▸ Exercise directions
Leave the pictures out, and repeat exactly every line from the one with "Dog beds with" through the end of the data below.

▸ The data
________________________

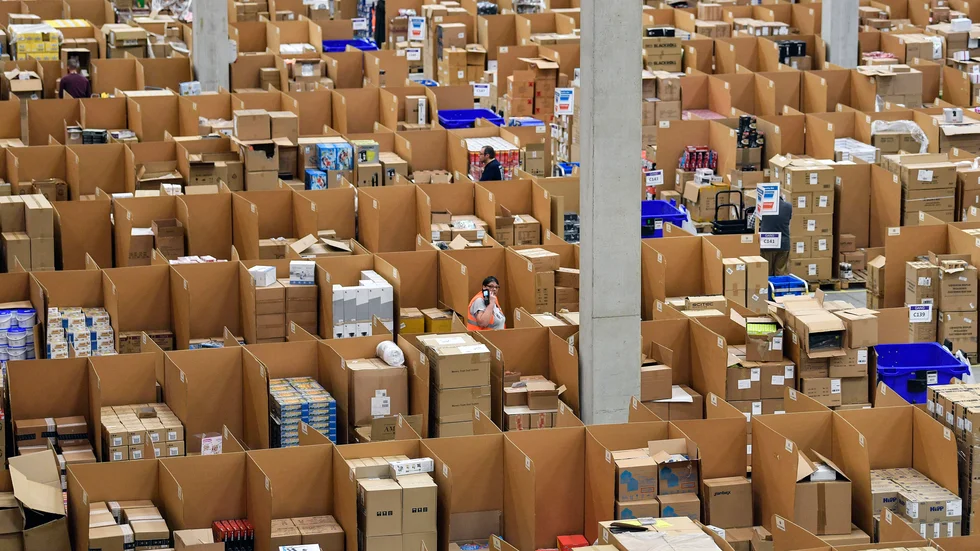 Amazons centrallager i Europa finns i Tyskland. Huruvida Amazon etablerar ett lager i Sverige är oklart. Arkivbild.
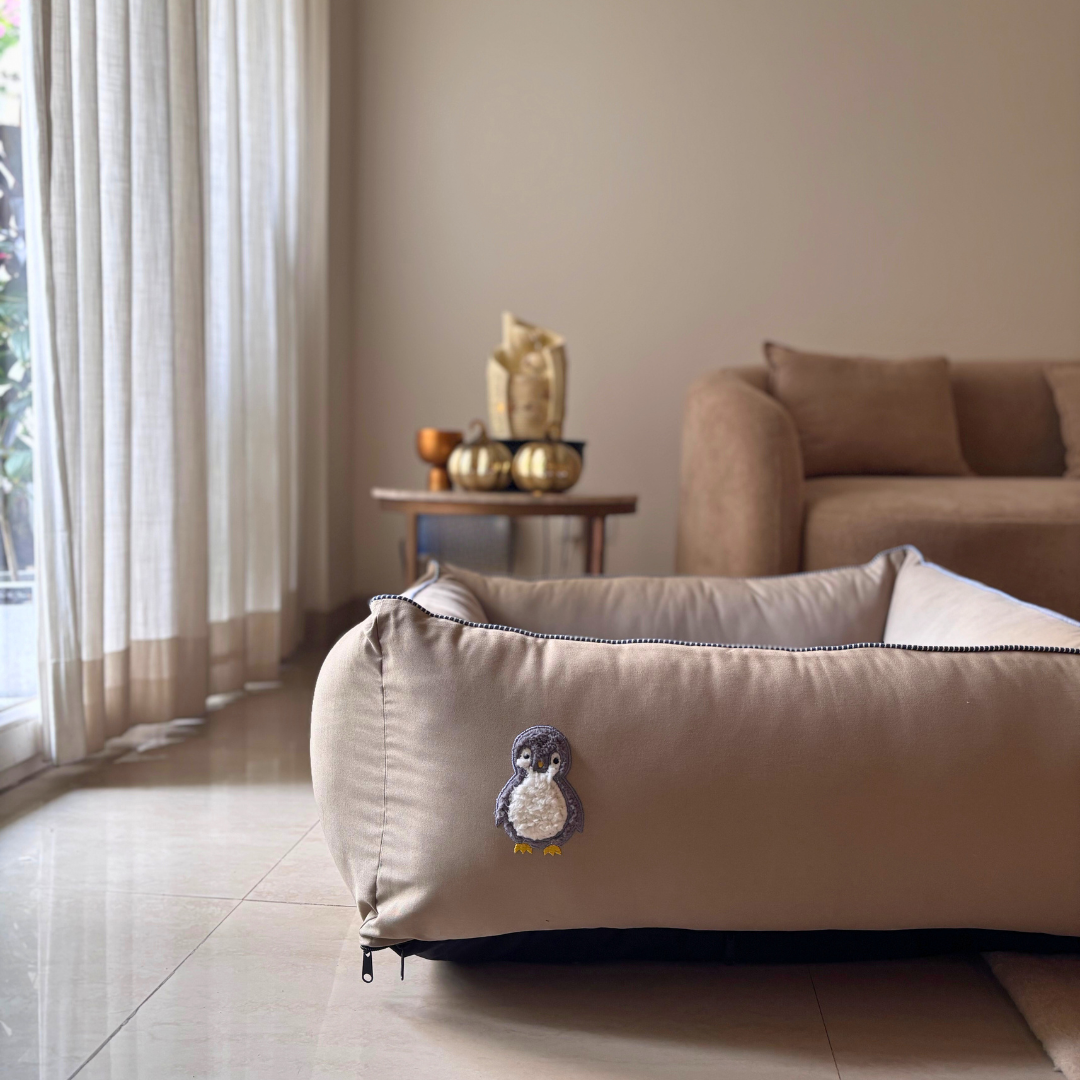 Dog beds with removable covers | PoochMate Beds | Washable dog beds online India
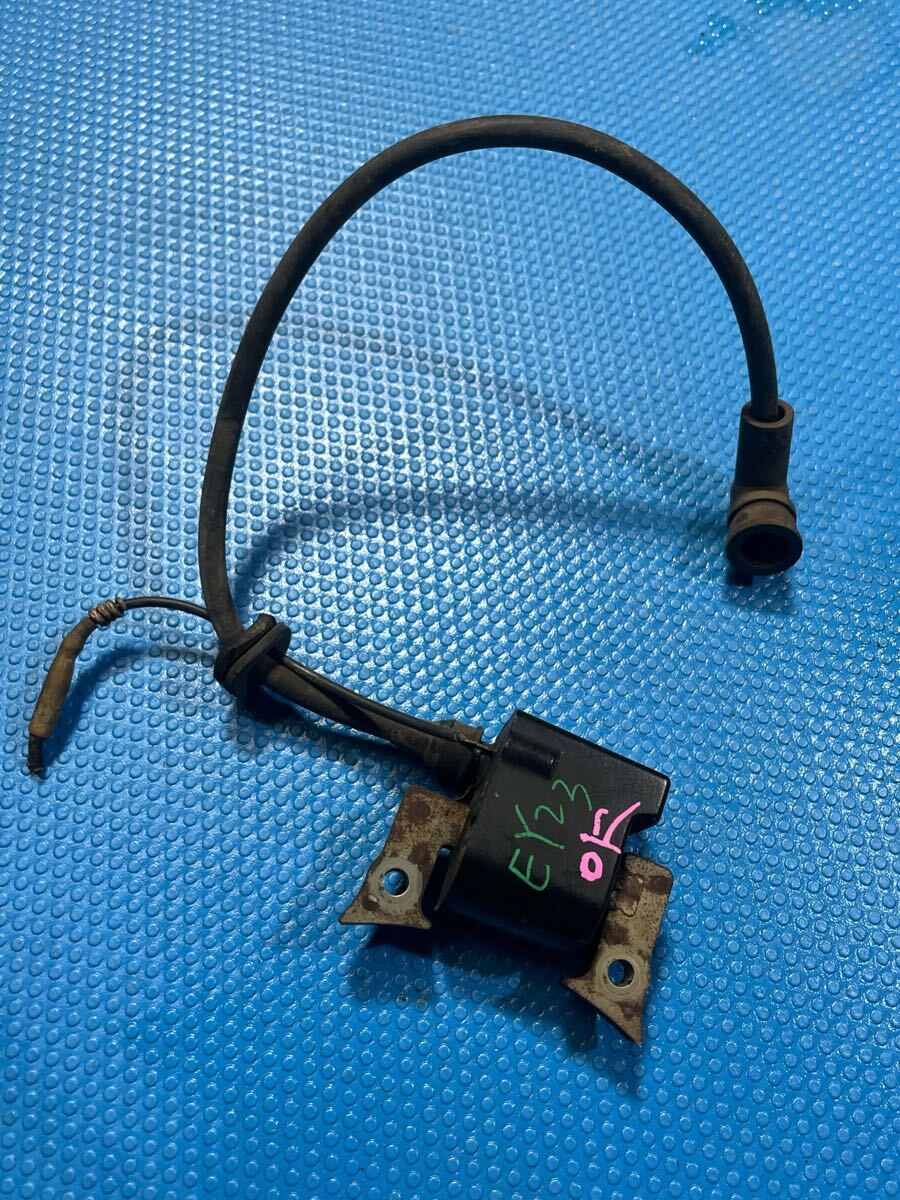 送料600円 管理機/モア/動噴/ガソリンエンジン ポンプ 部品パーツ/ 点火コイル イグニッションコイル ロビンEY23 火花確認済み拍卖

________________________

▸ The completed task
 Dog beds with removable covers | PoochMate Beds | Washable dog beds online India
 送料600円 管理機/モア/動噴/ガソリンエンジン ポンプ 部品パーツ/ 点火コイル イグニッションコイル ロビンEY23 火花確認済み拍卖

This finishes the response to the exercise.